[Scraped caption text data]
-- -- --

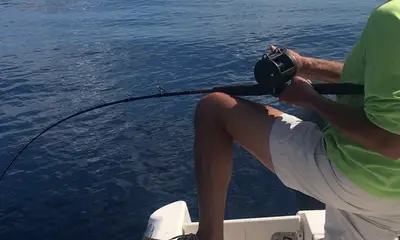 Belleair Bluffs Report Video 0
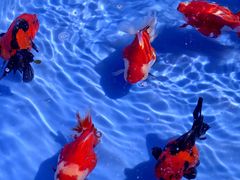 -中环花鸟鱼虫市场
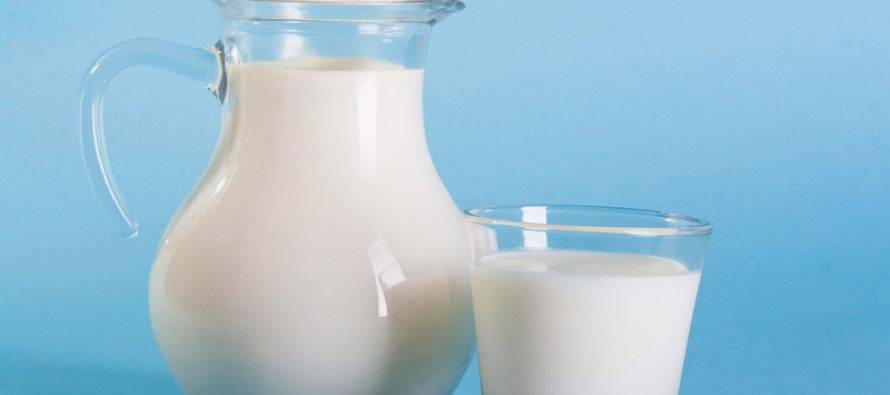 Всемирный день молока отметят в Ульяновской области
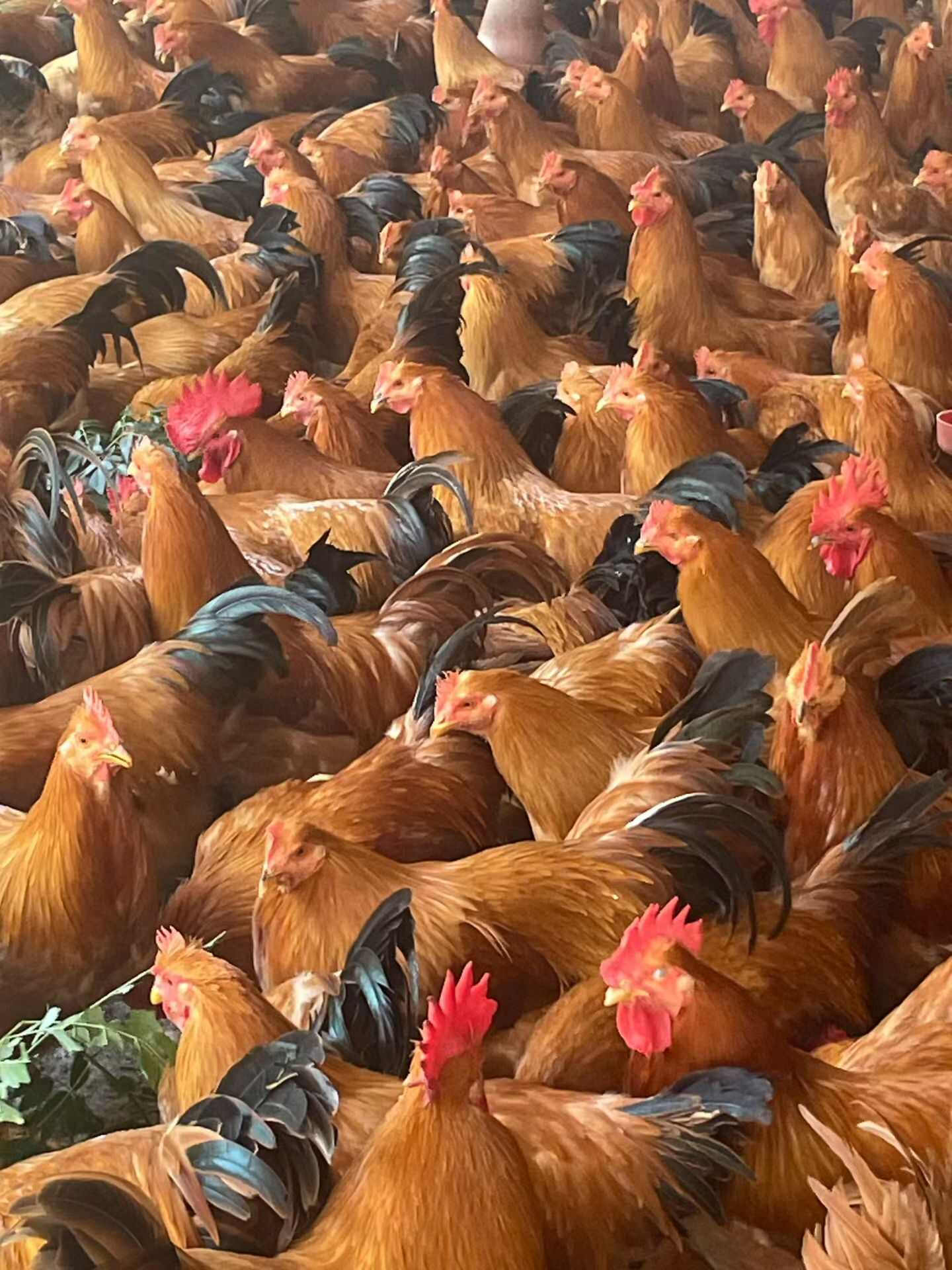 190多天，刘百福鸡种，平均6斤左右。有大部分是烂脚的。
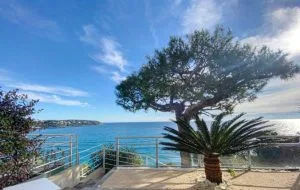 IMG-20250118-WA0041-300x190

-- -- --

Work to complete: What the answer needs is every line from the one with "190多天，刘百福鸡种，平均6斤左右。有大部分是烂脚的。" through the last line of the data, reproduced word for word and with pictures omitted.

Response box:
 190多天，刘百福鸡种，平均6斤左右。有大部分是烂脚的。
 IMG-20250118-WA0041-300x190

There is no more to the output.